2. Do ponto de vista do cidadão, quais são as demandas mais urgentes no STJ? A maior reclamação é o tempo. Quando o processo chega ao STJ, ele tem uma média de 10 anos. Imagine você procurar um advogado e ele fala: o seu processo vai durar entre 10 e 14 anos. Isso precisa diminuir urgentemente. Justiça tardia não é justiça. Isso já é dito há 100 anos, e a cada ano tem ficado mais urgente tomar uma decisão, que é diminuir a carga de processos, o número de recursos.
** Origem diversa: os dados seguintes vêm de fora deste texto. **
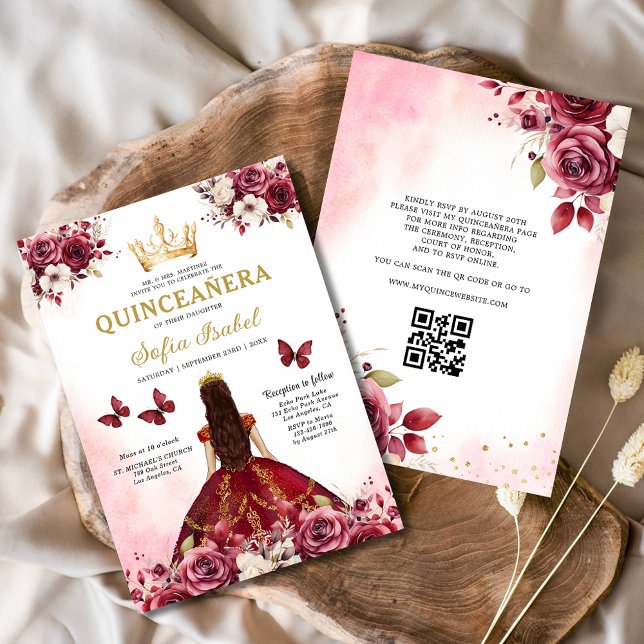 QR Code Quinceanera Floral Burgundy Princess  Invitation (Creator Uploaded)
3. A senhora também leva para o STJ o olhar feminino. Como será isso? Há uma frase da qual gosto muito: nada sobre as mulheres sem as mulheres. Se não tem mulher falando, não tem que se falar sobre mulher. É muito importante que a gente esteja no tribunal. Metade do Brasil é de mulher, não é razoável ter tribunais inteiros de Justiça, como acontece em alguns estados, sem nenhuma mulher. É preciso que a mulher esteja no Poder Judiciário, porque o Judiciário dita normas de conduta, normas de moral. O Legislativo tem uma lei muito seca: melhor interesse da criança, diz a lei. Quem vai dizer o que é o melhor interesse da criança é o juiz. E se não temos juízas julgando processos de família, vai ser sempre um olhar do homem, do pai, de quem não é mulher.
4. Na sua jornada até o STJ, como essa questão de gênero foi colocada? Eu senti muito isso no Senado. O Senado, para mim, foi um choque de realidade brutal. Conversei com todos os senadores individualmente, e foi um choque. O Senado representa o Brasil. É o que a média dos brasileiros pensa, votando secretamente naquilo que talvez não confesse no almoço de domingo. Foi uma realidade muito cruel, de machismo.
5. Qual a sua opinião sobre a população carcerária do Brasil? O Brasil só perde para a Indonésia em ritmo de aprisionamento. Nós vamos virar a década prendendo cada dia mais, e não resolve. Eu tenho essa firme convicção de que cadeia não reabilita ninguém. Fiz muita inspeção em presídios — na OAB, a gente chama de institutos. A gente prova comida, vê onde dorme, vê qual é o sistema de saúde que atende esse interno — a gente não chama de preso, a gente respeita a pessoa que está lá. A nossa Constituição não tem pena perpétua nem de morte. Cedo ou tarde a pessoa vai sair. E que pessoa a gente está colocando no sistema, na nossa sociedade?